Diocese ID's 16 Alleged Abusers; Report from Toledo Bishop Omits Lay Workers, Deceased Clerics
By David Yonke email@example.com
Toledo Blade [Toledo OH]
Downloaded March 30, 2004
Toledo Bishop Leonard Blair has released a status report on sexual abuse allegations against more than two dozen diocesan priests - and named 16 whose allegations the diocese believes are either credible, substantiated, or admitted.
The report, however, excludes lay employees of the diocese and priests who are either dead or members of a religious order.
The allegations against all but one of the 16 named priests have been previously reported in The Blade. The one cleric whose case has not been reported is the Rev. John McCullen, ordained in Toledo in 1944.
Sally Oberski, director of communications for the Toledo diocese, said the allegations against Father McCullen surfaced after he moved to Florida in 1960. She could not say when or where in the Toledo diocese the alleged abuse occurred.
The priest is listed in the Toledo diocesan directory as retired and living in Deerfield Beach, Fla., but a receptionist at St. Ambrose Parish there said Father Ambrose has moved out of the area. He could not be reached for comment yesterday.
Bishop Blair's status report states that all allegations have been reported to the appropriate civil authorities. John Weglian, chief of the Lucas County prosecutor's special units division, said yesterday that no criminal charges are pending in any of the cases.
The diocese has published the report on its Web site, www.toledodiocese.org.
A spokesman for the victims' advocacy group SNAP said yesterday that the report is "incomplete but a step in the right direction."
Claudia Vercellotti, co-coordinator of the Toledo chapter of the Survivors Network of those Abused by Priests, said Bishop
Blair should release the names of all church leaders - "whether diocesan, order, secular, volunteer, living, or deceased" - who faced credible allegations of sexual abuse.
Withholding the names of deceased priests accused of abusing minors hampers their victims' healing process, Ms. Vercellotti said.
She also called it "indefensible" that the diocese has not released the names of lay employees who faced credible allegations.
"It's not that we want the names released just for the sake of releasing them. It's because these individuals may be living and working in close proximity to children who do not know their history of sexual abuse, and that could put children at risk."
After the release of a national study on clerical sexual abuse, Bishop Blair announced Feb. 27 that he would release the names and status of Toledo priests who have been accused of sexually abusing minors but added that he would not disclose the names of deceased priests because they could not defend themselves.
The status report said seven priests charged with abusing minors are deceased; two were accused and exonerated; one is under investigation; five have voluntarily left the ministry; 10 are barred from public ministry, and one was a permanent deacon who left the ministry before allegations surfaced.
The report also lists restrictions on priests barred from ministry: "They may only celebrate Mass alone with no one present.
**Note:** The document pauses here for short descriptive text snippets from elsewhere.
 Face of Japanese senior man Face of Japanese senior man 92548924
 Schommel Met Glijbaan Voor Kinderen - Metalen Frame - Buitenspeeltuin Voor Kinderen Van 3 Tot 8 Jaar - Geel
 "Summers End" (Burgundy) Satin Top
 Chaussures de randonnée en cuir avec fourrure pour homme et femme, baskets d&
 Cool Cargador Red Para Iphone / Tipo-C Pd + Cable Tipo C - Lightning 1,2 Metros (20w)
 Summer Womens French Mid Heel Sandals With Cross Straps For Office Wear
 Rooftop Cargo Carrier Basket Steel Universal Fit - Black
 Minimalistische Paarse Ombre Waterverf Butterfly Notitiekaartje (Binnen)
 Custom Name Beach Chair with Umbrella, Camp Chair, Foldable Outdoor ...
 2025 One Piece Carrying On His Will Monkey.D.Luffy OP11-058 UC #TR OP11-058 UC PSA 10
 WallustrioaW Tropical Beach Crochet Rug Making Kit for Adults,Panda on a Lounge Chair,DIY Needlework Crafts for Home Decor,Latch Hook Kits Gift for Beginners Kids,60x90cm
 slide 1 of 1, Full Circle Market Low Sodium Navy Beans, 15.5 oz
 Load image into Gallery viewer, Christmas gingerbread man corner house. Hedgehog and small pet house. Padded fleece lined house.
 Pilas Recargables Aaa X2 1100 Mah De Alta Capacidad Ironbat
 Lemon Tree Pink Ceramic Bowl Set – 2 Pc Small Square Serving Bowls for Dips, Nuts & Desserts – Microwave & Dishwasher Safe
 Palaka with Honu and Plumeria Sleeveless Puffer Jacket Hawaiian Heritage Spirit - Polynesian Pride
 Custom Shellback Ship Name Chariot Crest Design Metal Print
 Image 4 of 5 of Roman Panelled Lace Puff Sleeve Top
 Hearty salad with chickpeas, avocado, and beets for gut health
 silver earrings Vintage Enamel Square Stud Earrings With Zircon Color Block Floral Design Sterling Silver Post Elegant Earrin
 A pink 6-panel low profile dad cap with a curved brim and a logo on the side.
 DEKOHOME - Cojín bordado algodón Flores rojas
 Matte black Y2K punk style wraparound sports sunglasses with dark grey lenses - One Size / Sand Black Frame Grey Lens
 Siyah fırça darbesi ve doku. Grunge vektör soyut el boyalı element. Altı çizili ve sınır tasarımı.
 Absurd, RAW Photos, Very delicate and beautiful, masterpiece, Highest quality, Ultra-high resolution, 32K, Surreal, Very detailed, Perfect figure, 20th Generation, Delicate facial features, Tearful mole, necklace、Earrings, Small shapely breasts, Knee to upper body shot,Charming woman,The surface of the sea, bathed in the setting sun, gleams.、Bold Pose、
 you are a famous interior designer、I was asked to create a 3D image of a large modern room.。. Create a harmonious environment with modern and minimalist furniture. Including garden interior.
They may not celebrate the other sacraments, present themselves as priests, or wear clerical garb."
The report states that religious order priests - naming the Rev. John Gallen of the Society of Jesus, and the Rev. Chet Warren, an Oblate of St. Francis de Sales - are not under the jurisdiction of the Diocese of Toledo.
The Rev. Arthur Espelage, a Jesuit and spokesman for the Canon Law Society of America in Washington, said yesterday that diocesan bishops have authority over religious order priests only while the cleric is serving in the bishop's diocese. Both Father Gallen, who is living in New York City, and Father Warren, who lives in Toledo, have been barred from ministry.
SNAP also is asking the diocese to list every parish and other assignment where alleged offenders have served.
Ms. Oberski said the status report follows the criteria of the national study by the John Jay College of Criminal Justice, which tallied 54 years of allegations. She said the local status report "is a step-by-step process" and that the diocese will consider adding priests' assignments to the list.